- _Dataset excerpt_
========
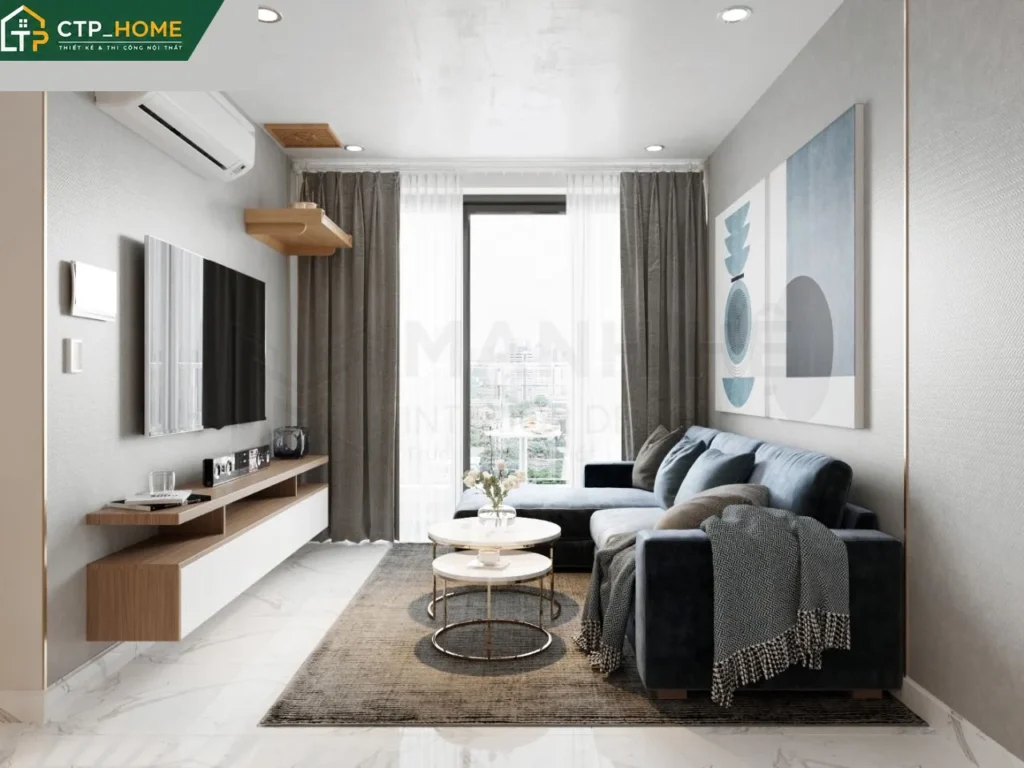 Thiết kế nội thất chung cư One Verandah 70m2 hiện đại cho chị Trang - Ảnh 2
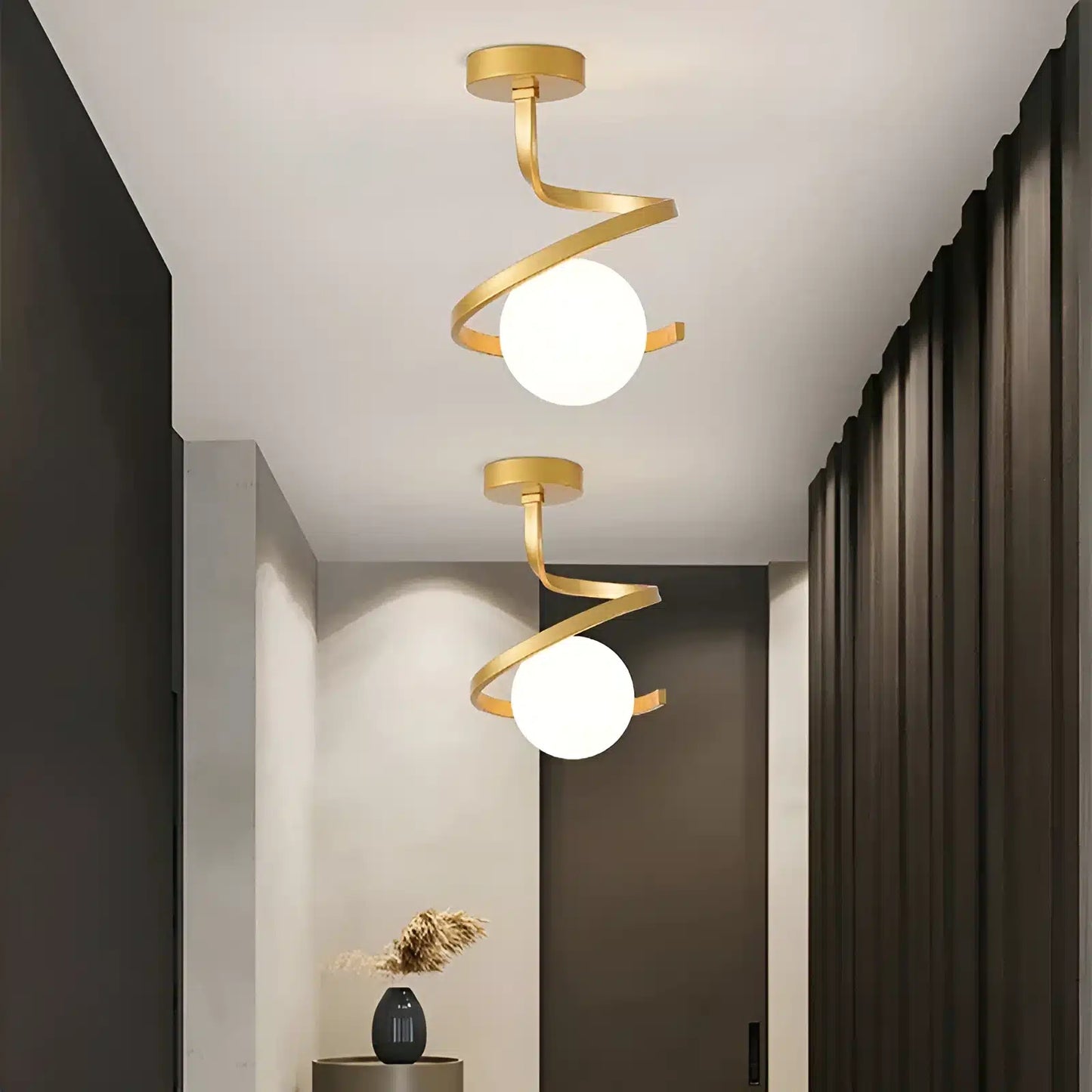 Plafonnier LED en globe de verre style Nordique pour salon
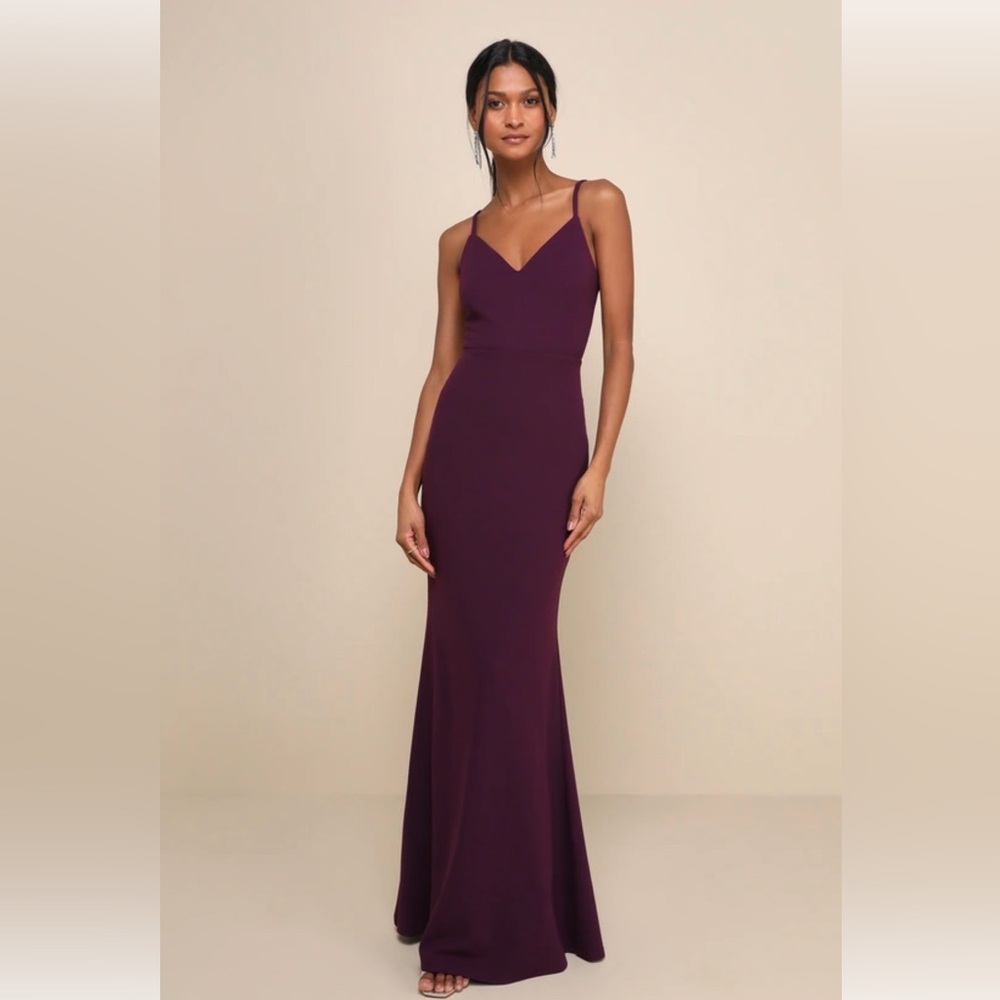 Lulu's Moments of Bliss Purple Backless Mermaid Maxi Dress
========
- _Task to complete_
Line by line, write out the material above exactly, with no images.

- _Your solution_
 Thiết kế nội thất chung cư One Verandah 70m2 hiện đại cho chị Trang - Ảnh 2
 Plafonnier LED en globe de verre style Nordique pour salon
 Lulu's Moments of Bliss Purple Backless Mermaid Maxi Dress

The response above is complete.